* [Dataset excerpts]
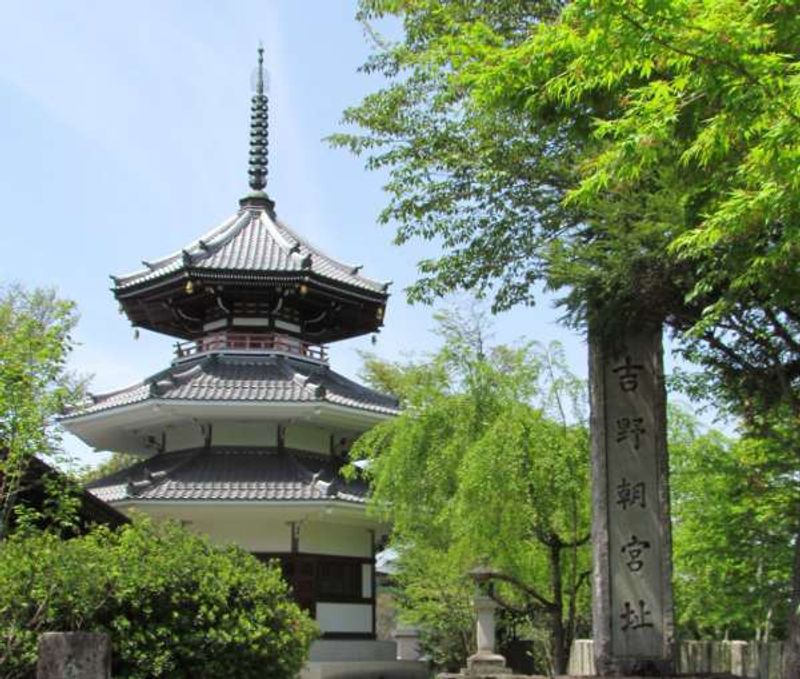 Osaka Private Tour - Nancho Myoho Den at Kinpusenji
* * *
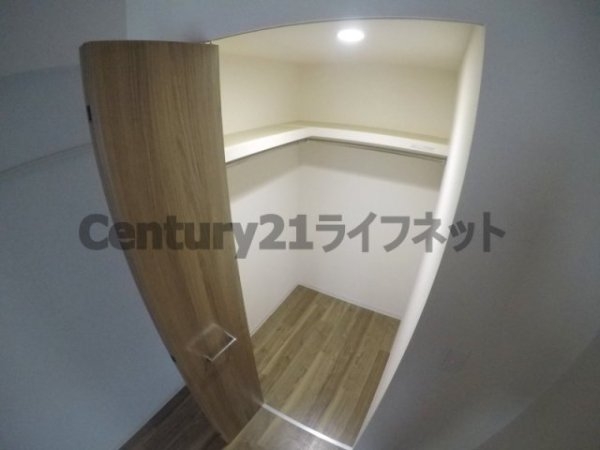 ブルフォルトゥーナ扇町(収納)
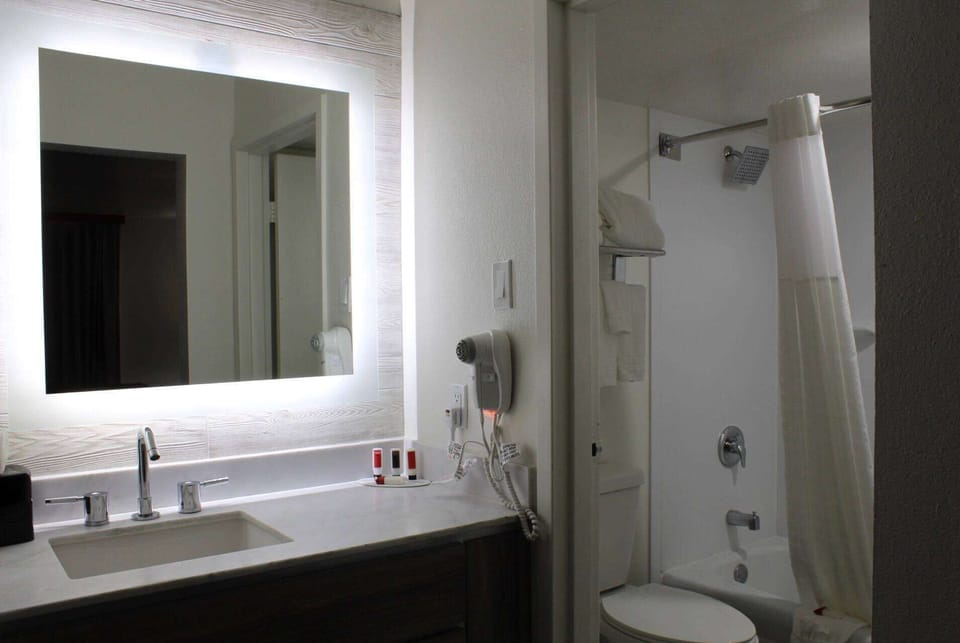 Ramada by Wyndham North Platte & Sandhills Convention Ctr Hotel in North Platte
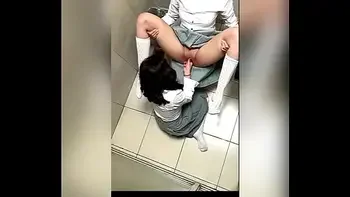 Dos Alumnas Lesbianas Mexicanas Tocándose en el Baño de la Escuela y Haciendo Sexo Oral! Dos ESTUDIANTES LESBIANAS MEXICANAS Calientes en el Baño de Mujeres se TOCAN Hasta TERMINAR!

* [Assigned task] Write out the lines above from the one with "ブルフォルトゥーナ扇町(収納)" through the one with "Dos Alumnas Lesbianas", ends included, exactly; no picture goes in.

* [Response box]
 ブルフォルトゥーナ扇町(収納)
 Ramada by Wyndham North Platte & Sandhills Convention Ctr Hotel in North Platte
 Dos Alumnas Lesbianas Mexicanas Tocándose en el Baño de la Escuela y Haciendo Sexo Oral! Dos ESTUDIANTES LESBIANAS MEXICANAS Calientes en el Baño de Mujeres se TOCAN Hasta TERMINAR!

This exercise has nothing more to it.